…la Escritura lo encerró todo bajo pecado, para que la promesa que es por fe en Jesucristo fuera dada a todos los que creen. (Gálatas 3:22)
¿A quién le gusta estar sujeto a reglas? Es innegable que las aprobamos cuando protegen nuestros intereses personales, pero ¿qué hay de las otras —que probablemente sean la mayoría—?
Al hablar acerca de la ley, la reflexión de Pablo llega al fondo de nuestro corazón. Las reglas suelen incomodarnos, pero cuando se trata de Dios, nuestro corazón es declaradamente rebelde —siempre quiere tomar otro camino—. ¿Por qué Pablo habla de esto?
Porque acaba de afirmar, en los versículos previos, que nuestro acceso a la bendición de Dios depende de una promesa. ¿Y de qué servía la ley, entonces, si no permitía obtener la bendición?

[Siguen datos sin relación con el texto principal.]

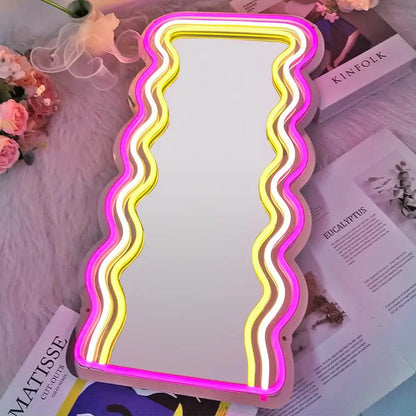 Neon Wall Sign Dimmable Wavy Mirror Neon Lights for Bar Bedroom Home Bathroom Decor Aesthetics Draw Birthday Gifts for Girls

La ley, como indicamos arriba, cumpliría el objetivo de exponer nuestra rebelión. La promesa sólo se cumpliría en la persona de Jesucristo, y por lo tanto, para obligarnos a confiar en Él, tendríamos que reconocer nuestra maldad e incapacidad personal de complacer a Dios. A eso se refiere Pablo cuando dice que la ley «fue añadida a causa de las transgresiones» y que la Escritura «encerró todo bajo pecado, para que la promesa que es por fe en Jesucristo fuera dada a todos los que creen» (vv. 19, 22).
La ley, en verdad, no era «capaz de impartir vida» (v. 21), y además, jamás había sido siquiera pensada en esos términos. Pablo, posiblemente, quiere incluso subrayar la inferioridad de ella al sugerir que, a diferencia de la promesa —hecha directamente por Dios a Abraham—, Dios había enviado la ley a través de un intermediario (Moisés, quien a su vez la recibió de los ángeles).
Pablo, así, demuestra que la ley no se opone a la promesa, y aun más, establece cómo aquella incluso estuvo «al servicio» de nuestro acercamiento a Dios por medio de Cristo.
A medida que reflexionamos sobre esto, debemos asegurarnos de no tomar este importante mensaje a la ligera. La Biblia enseña que nuestra naturaleza pecaminosa es incapaz de agradar a Dios, y por lo tanto, en vez de ilusionarnos con lograrlo —y ocultar nuestros errores con engaños—, debemos acogernos a Jesús, en quien disfrutamos de la promesa por completo. La ley, en un sentido, nos juega en contra, pero la solución no consiste en negarla sino en dejar que nos condene para que Cristo nos libere. Sólo así comprenderemos el evangelio; sólo entonces accederemos a la «herencia».